[EXERCISE OBJECTIVE] Write the lines out again, from the top of the material to the line containing "Japanese Lace Leg", pictures excluded.

[AVAILABLE DATA]
☆ ☆ ☆

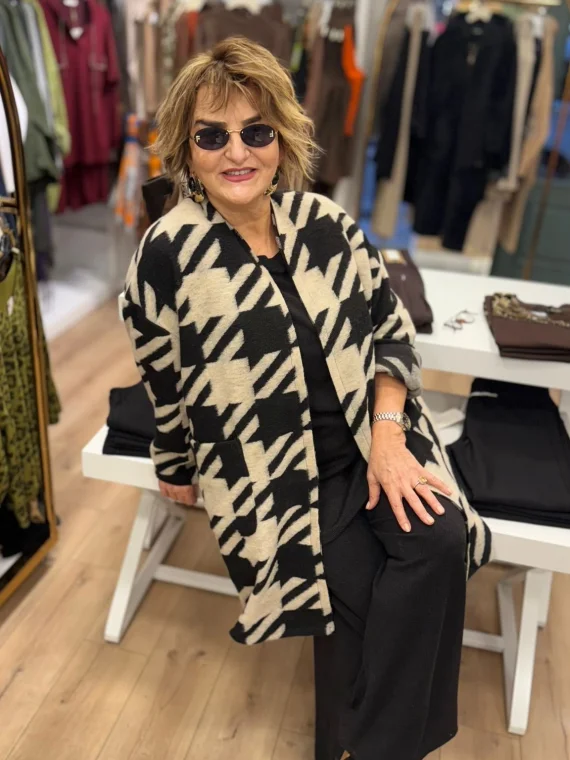 Ekru-Siyah Keçe Ceket Y10926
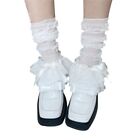 Japanese Lace Leg Warmers Soft Thin Calf Socks Summer Mesh Stockings Knee Socks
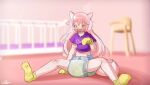  animal_humanoid blush bodily_fluids booties canid canid_humanoid canine canine_humanoid canis clothed clothing crib diaper female genital_fluids hair hi_res high_chair humanoid infantilism mammal mammal_humanoid partially_clothed pink_background pink_hair ranka_ookami simple_background sketchmandl solo spread_legs spreading urine wet_diaper wetting wolf_humanoid yellow_eyes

☆ ☆ ☆

[EXERCISE RESULT]
 Ekru-Siyah Keçe Ceket Y10926
 Japanese Lace Leg Warmers Soft Thin Calf Socks Summer Mesh Stockings Knee Socks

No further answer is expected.